Write out again, word for word, the lines below from the line that holds "ビアンキcamaleonte 700C アルミ 21速 470mm クロス" through the line that holds "Faber-Castell Textliner 48", omitting pictures.

[Caption-style text data]
/---
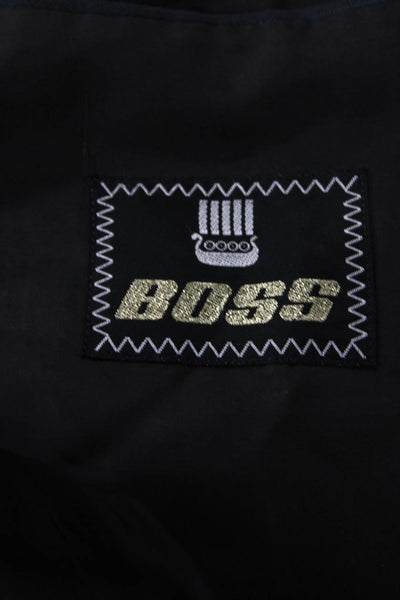 BOSS Mens Dark Gray Striped New Wool 2 Piece Suit Long Sleeve Size 42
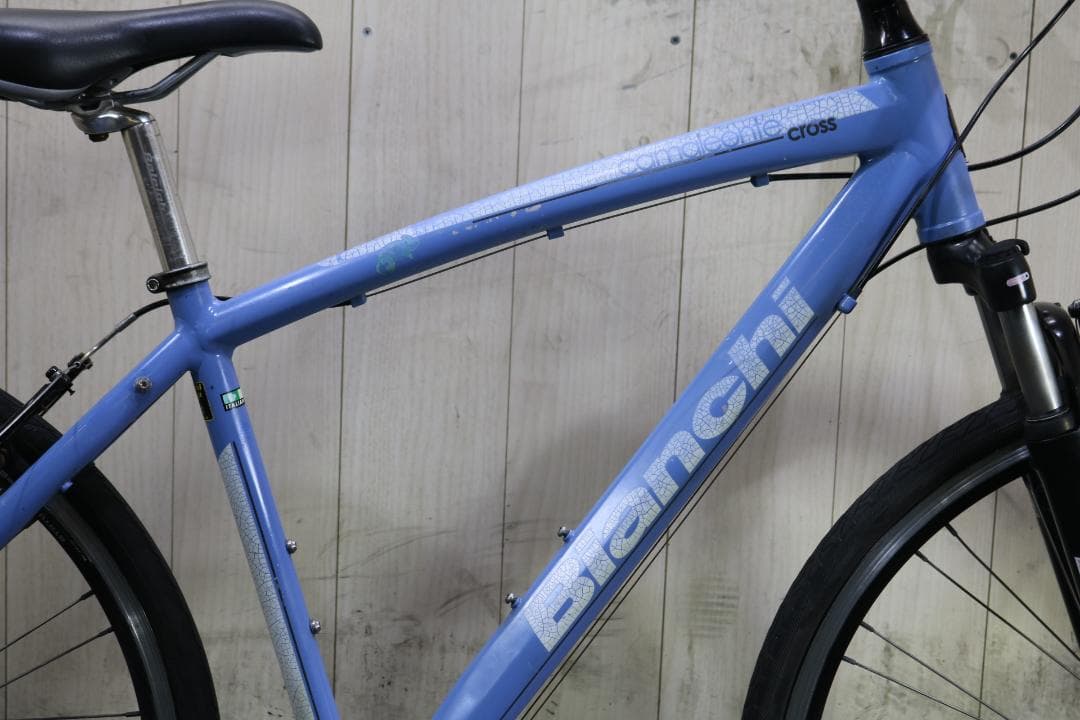 ビアンキcamaleonte 700C アルミ 21速 470mm クロス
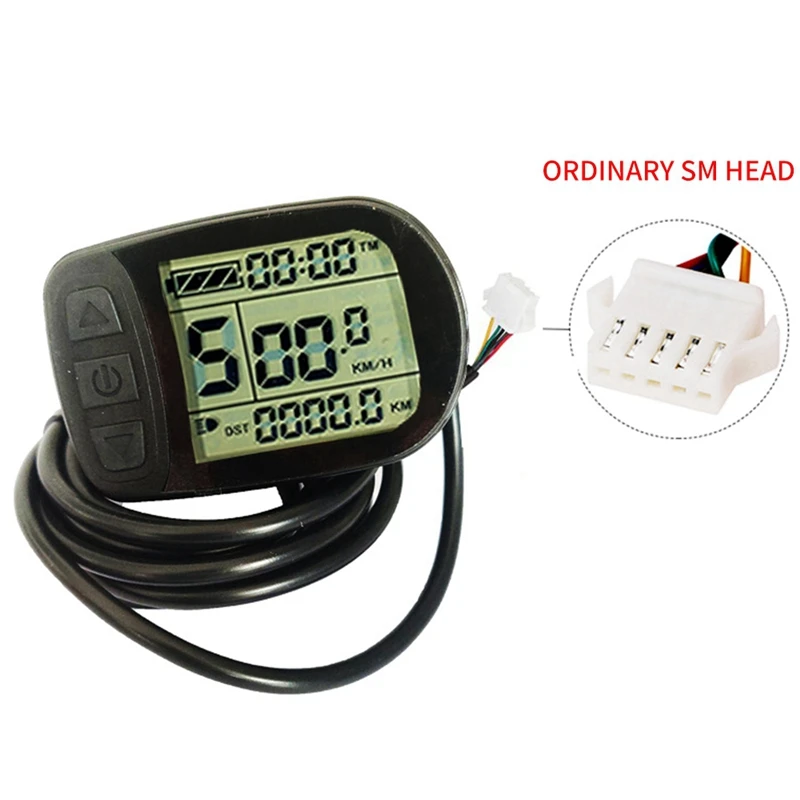 

Electric Bike Display SM Connector KT LCD5 Display Ebike Parts for E Bike KT Controller 36V/48V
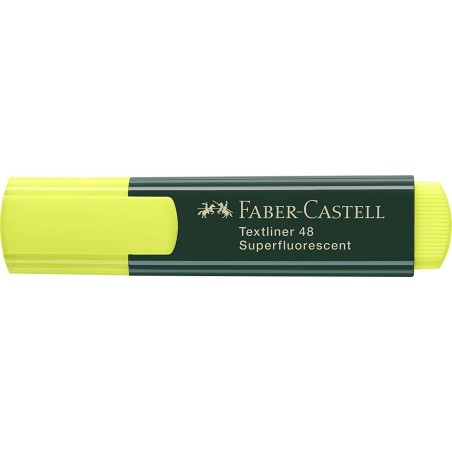Faber-Castell Textliner 48 Highlighter Marker - Chisel Tip - 1.2mm to 5mm Line Width - Water-Based Ink - Yellow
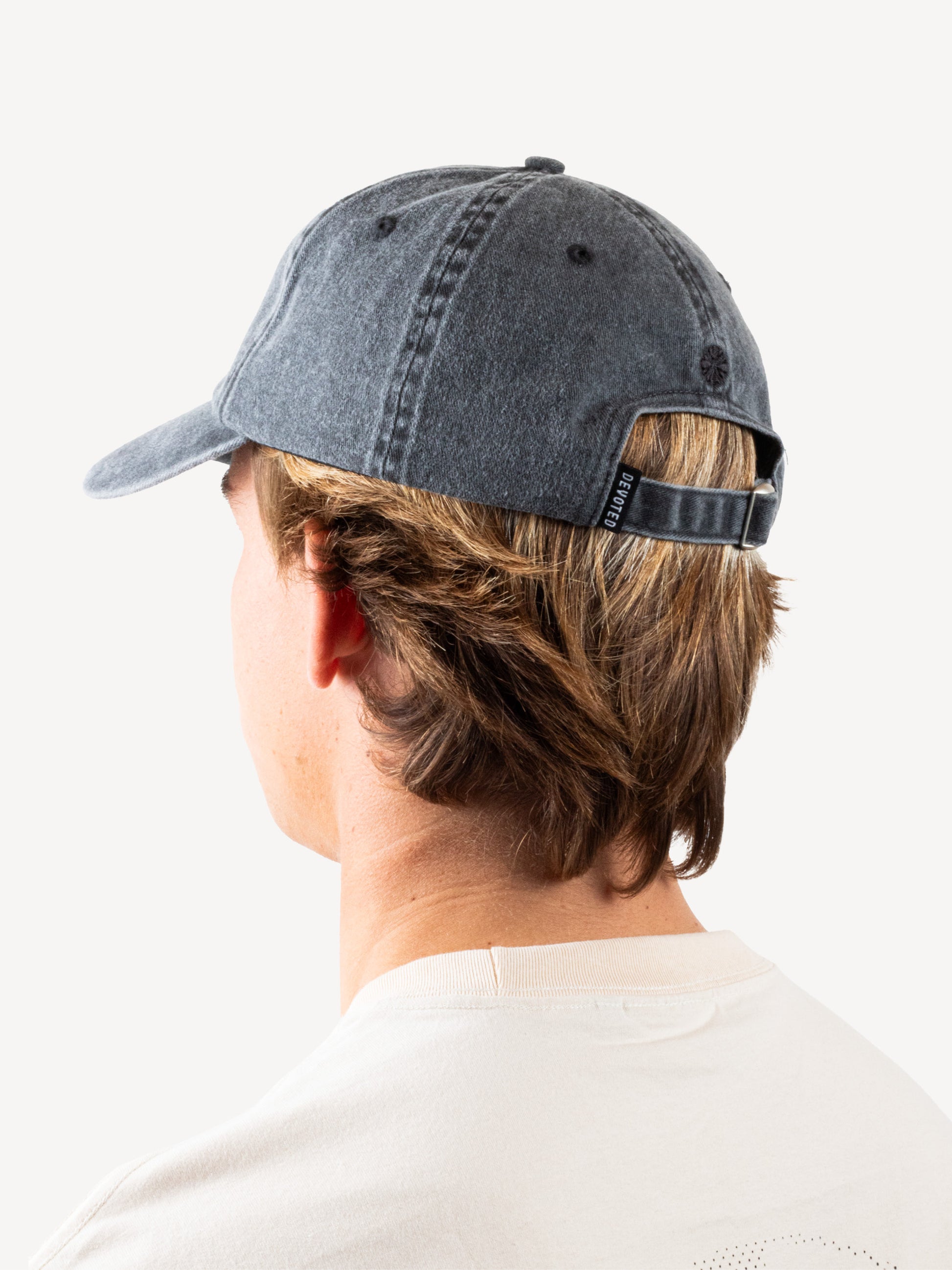 devoted denim 6 panel cap grey OSFM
\---
#### Problem solution:
 ビアンキcamaleonte 700C アルミ 21速 470mm クロス

Electric Bike Display SM Connector KT LCD5 Display Ebike Parts for E Bike KT Controller 36V/48V
Faber-Castell Textliner 48 Highlighter Marker - Chisel Tip - 1.2mm to 5mm Line Width - Water-Based Ink - Yellow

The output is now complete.